On Friday 18 August 2006 10:03, Carsten Marx wrote:
Hello to all,
i've a problem with making an offline copy of my own local wiki.
The following szenario:
All the admin-related stuff and also the whole documentation of our
infrastructure is stored on a webserver. So the document to restore
the webserver if it crashes is located on the same webserver.... so
therefore i need an offline copy of my local wiki. (I know this is
not the perfect solution but there is a backup from the wiki - but i
need a simple way to have the important documents stored on my local
computer).
What about a mirror of the wiki?
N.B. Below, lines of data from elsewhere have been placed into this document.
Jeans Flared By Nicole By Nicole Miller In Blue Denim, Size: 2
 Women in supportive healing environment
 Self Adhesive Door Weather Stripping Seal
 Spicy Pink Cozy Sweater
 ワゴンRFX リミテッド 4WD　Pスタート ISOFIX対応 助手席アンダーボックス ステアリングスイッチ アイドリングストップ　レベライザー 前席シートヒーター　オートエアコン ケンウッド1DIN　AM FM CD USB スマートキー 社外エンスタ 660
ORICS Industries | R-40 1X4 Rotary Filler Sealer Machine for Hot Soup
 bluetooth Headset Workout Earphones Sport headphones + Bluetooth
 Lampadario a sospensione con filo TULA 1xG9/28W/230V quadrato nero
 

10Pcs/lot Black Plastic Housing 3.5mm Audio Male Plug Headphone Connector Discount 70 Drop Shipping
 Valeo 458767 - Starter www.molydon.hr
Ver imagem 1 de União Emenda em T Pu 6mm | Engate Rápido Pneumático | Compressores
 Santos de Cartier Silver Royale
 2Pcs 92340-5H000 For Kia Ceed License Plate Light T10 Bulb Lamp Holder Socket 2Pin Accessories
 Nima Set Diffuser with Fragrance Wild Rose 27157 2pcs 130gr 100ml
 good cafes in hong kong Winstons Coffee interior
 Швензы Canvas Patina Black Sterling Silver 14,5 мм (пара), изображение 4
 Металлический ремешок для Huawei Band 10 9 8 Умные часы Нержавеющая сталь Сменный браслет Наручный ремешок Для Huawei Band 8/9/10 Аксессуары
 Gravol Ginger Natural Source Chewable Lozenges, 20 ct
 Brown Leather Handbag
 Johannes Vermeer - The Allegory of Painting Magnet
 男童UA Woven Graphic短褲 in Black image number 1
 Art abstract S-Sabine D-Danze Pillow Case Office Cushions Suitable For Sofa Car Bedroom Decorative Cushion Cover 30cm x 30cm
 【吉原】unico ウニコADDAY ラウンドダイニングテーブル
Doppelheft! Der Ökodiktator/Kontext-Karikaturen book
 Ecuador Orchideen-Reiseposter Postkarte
Dump the database to another machine, upload
it at regular intervals (once a day)?
On the other hand, if your entire datacenter goes down, then a hard copy would
be a happy thing.
<snip>
o Serveral Alternative Parsers:
See
http://meta.wikimedia.org/wiki/Alternative_parsers for more
Information.
I tried the HTML2FPDF and Mediawiki Article (http://
meta.wikimedia.org/wiki/HTML2FPDF_and_Mediawiki) but i did not get it
working. Also it's not good that you habe to change some mainfiles
from the mediawiki installation.
The other projects are imho not 'ready' or the intension is something
different.
We are working on something with a table of content file (Stückliste) that
contains the articles we want to load and in the order we want/need them
printed. Adding printable=yes to the URL we strip out all of the junk, parse
the file a little more and then create a PDF.
o wget to mirror the wiki-Site
I also tried mirroring the wiki with 'wget -m
http://mydomain.com/
mywikidirectory/' (i also tried the url
http://mydomain.com/
mywikidirectory/index.php/MainSite) but it is not only mirroring the
wiki. It's also mirroring the whole site at 'http://mydomain.com/'.
Why? Can i customize the wget command that it is only mirroring sites
from 'http://mydomain.com/mywikidirectory/'?
That'll just get you the articles as files on your local system. Although it
is probably useful in an emergency, there are better alternatives.